Climat : Bruxelles dévoile un plan ambitieux et explosif

Publié le par Les Echos via M.E.

La Commission européenne a dévoilé son plan pour réduire fortement les émissions carbone d'ici à 2030. Toute l'économie serait rattrapée par la vague verte. Mais les Etats et les eurodéputés s'inquiètent de l'impact sur les ménages de certaines mesures, sur les carburants, le transport et le bâtiment.

La bataille européenne pour le climat est lancée. Mercredi, la Commission européenne a dévoilé son paquet « fit for 55 », douze directives et règlements visant à réduire les émissions carbone du continent d'au moins 55 % d'ici à 2030 (par rapport au niveau de 1990, sachant que la trajectoire actuelle ne mènerait qu'à -40 %). Un temps de passage indispensable pour ensuite espérer atteindre la neutralité climatique en 2050, objectif final validé l'an passé par les 27 Etats de l'Union.

Marché carbone élargi

Plus le temps de tergiverser face à la hauteur de la marche : le plan bâti par la présidente Ursula von der Leyen, qui en fait sa priorité, et Frans Timmermans, son monsieur Green Deal , est marqué par la volonté de verdir, structurellement, toute l'économie du continent.  « Nous devons passer à un nouveau modèle […], tout le monde devra contribuer », martèle Ursula von der Leyen, pour qui « l'Europe est prête à ouvrir la voie ». « Il n'y a plus de temps à perdre, nous nous heurtons aux limites de la planète », abonde Frans Timmermans. 

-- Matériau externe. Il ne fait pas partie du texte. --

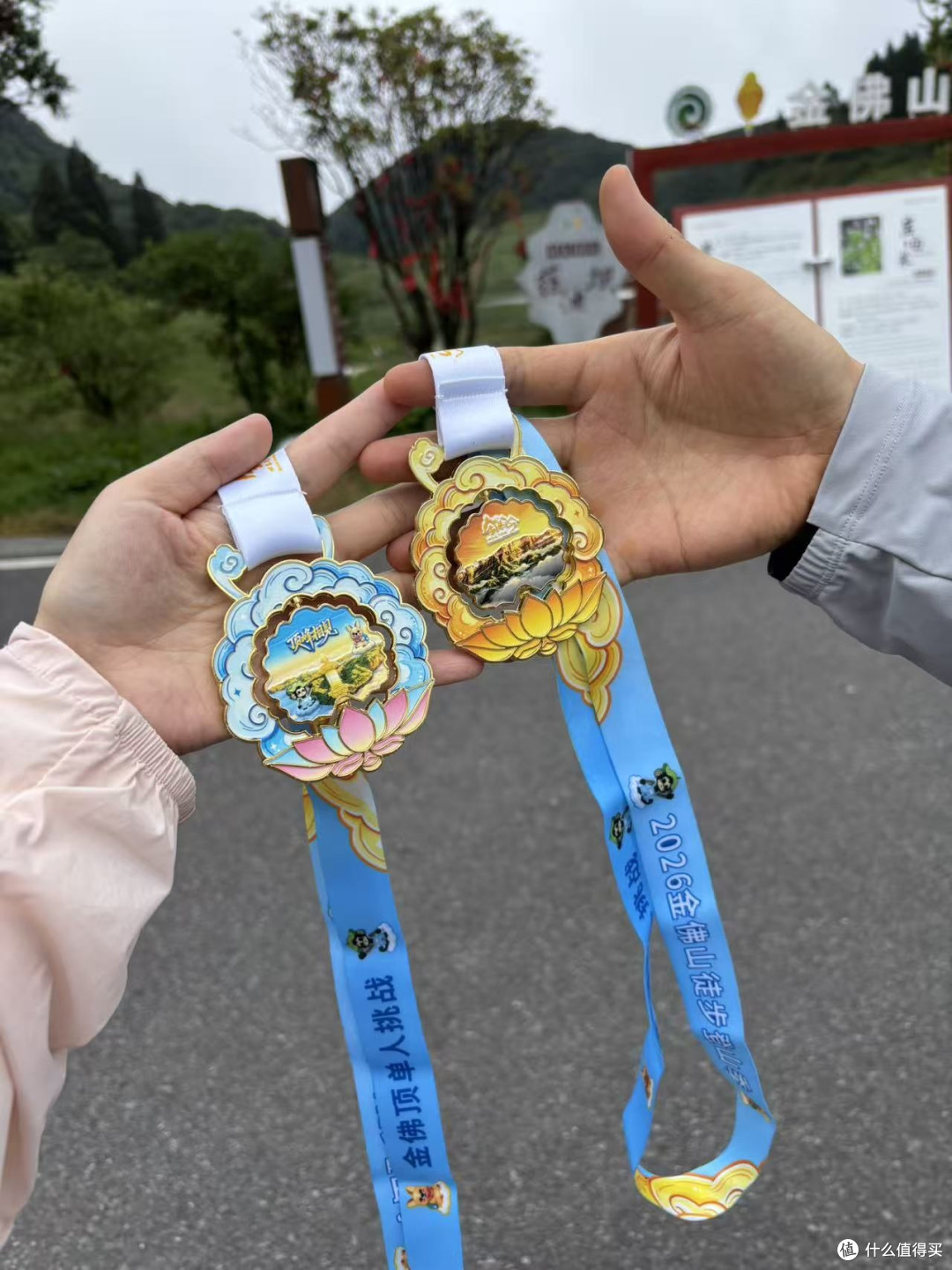 硬核实测-迈乐迈行登山鞋和迪卡侬髌骨带助我拿牌到腿软！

Un marché du carbone renforcé et élargi

Leur ambition se traduit par une large refonte du marché du carbone européen (ETS) établi en 2005. Bruxelles veut durcir cet ETS, en baissant le plafond des quotas d'émissions et en renforçant leur coût, et surtout l'élargir à des secteurs jusqu'ici épargnés, comme le maritime et l'aviation. « C'est historique. Le prix du CO2 va monter mécaniquement à un niveau ayant un impact majeur sur les modèles économiques des industries », analyse Pascal Canfin , président (Renew, libéraux) de la commission Environnement du Parlement européen. Un second marché carbone serait introduit pour le transport routier et le bâtiment, des secteurs où la Commission estime que des progrès importants et rapides sont possibles, et surtout indispensables.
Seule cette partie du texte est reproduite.